TENTH COURT OF APPEALS

 

No. 10-92-294-CR

 

SHERRY DIANE SMITH, Appellant

v.

 

THE STATE OF TEXAS, Appellee

 

From the 54th District Court

McLennan County, Texas

Trial Court # 92-151-C

 

OPINION DENYING MOTION FOR REHEARING

 

On original submission, we determined (1) that a photograph of the dead victim of the burglary of a habitation was not relevant to any issue in the case, (2) alternatively, that the unfair prejudice created by the photograph substantially outweighed its probative value, and (3) that the error in admitting the photograph into evidence contributed to Smith's punishment and requires another trial. The State asks us to reconsider.

Among its contentions, the State asserts that the photograph was admissible to establish Mrs. Kelly's death and that "her death tied in to her earlier excitement which allowed the admissibility of her statements as excited utterances." Her statements were, however, admitted under Rule 803(2) of the Rules of Criminal Evidence; the availability of the declarant is immaterial to admissibility under that rule.
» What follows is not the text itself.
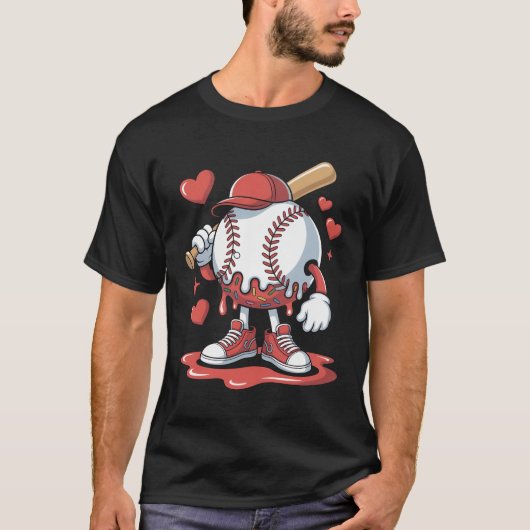Ice Cream Baseball Drip Melting Character Art Ice  T-shirt (Voorkant)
See Tex. R. Crim. Evid. 803(2). In any event, the court, not the jury, determines the admissibility of evidence. Id. 104(a).

Even if we agreed that the photograph was relevant to prove that Mrs. Kelly had died and thus could not appear as a witness, our decision about the unfair prejudice created by it would remain the same. Mrs. Kelly's death was not an element of the offense of burglary of a habitation; it was, at most, an evidentiary fact that might lead inferentially to an elemental fact. The State's motion argues: "[T]he only way that the jury could know for sure from this photograph that Kelly was dead was from the testimony about her death." Thus, the State concedes that it had other evidence to prove the fact of her death. The State's "need" for relevant but unfairly prejudicial evidence weighs heavily in the balancing equation under Rule 403. See Bishop v. State, No. 1516-92, slip op. at 5 (Tex. Crim. App. Nov. 24, 1993).
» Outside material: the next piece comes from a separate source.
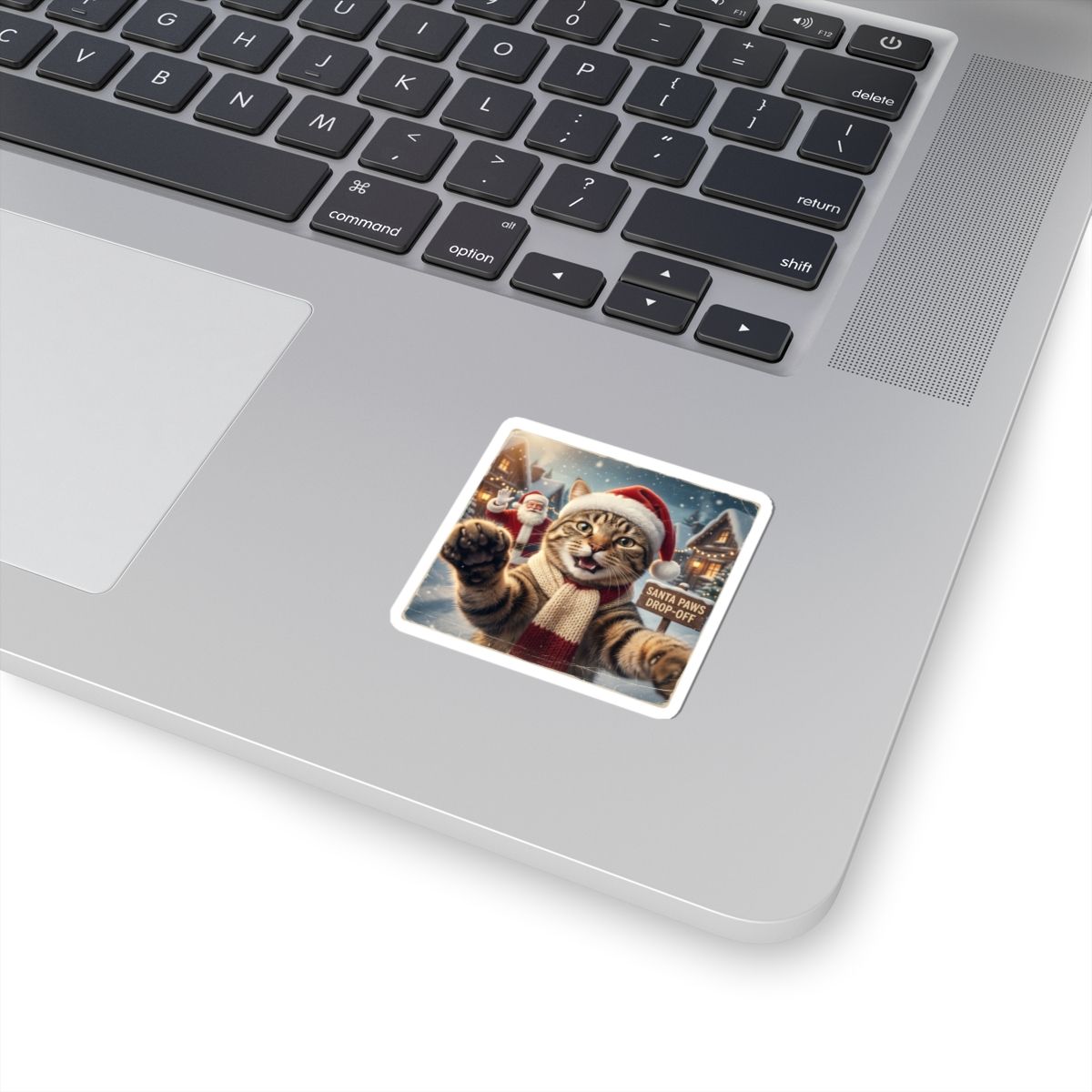 Realistic Santa Cat Sticker, Nostalgic Christmas Portrait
The State also asks us to hold that the error was harmless. See Tex. R. App. P. 81(b)(2). Its motion states:

The State will readily concede that the fact of the victim's death probably had an impact on the jury and affected the sentence. The severity, however, of the sentence comes not from the picture but from the fact of the victim's death and the testimony about it. Clearly it is the testimony about the death that contributed to the jury's sentence. And quite properly so.

Having reconsidered our analysis, we still cannot say beyond a reasonable doubt that the error in admitting the photograph did not contribute to the punishment. See id.
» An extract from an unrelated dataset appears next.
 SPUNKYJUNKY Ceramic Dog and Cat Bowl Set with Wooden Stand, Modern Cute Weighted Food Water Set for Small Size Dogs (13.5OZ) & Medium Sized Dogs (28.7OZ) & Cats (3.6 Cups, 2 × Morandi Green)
Finally, citing Rogers v. State, 862 S.W.2d 47 (Tex. App. Houston [14th Dist.] 1993, no pet. h.), the State asks us to "affirm the cause as to guilt and reverse only as to punishment." Although our determination that the error contributed only to Smith's punishment and not to her conviction makes this an ideal case to apply article 44.29 in the manner suggested by the State, we are not at liberty to do so. See Tex. Code Crim. Proc. Ann. art. 44.29(a) (Vernon Supp. 1993). Article 44.29 provides:

(a) Where the court of appeals . . . awards a new trial to the defendant on the basis of an error in the guilt or innocence stage of the trial or on the basis of errors in both the guilt or innocence stage of the trial and the punishment stage of the trial, the cause shall stand as it would have stood in case the new trial had been granted by the court below.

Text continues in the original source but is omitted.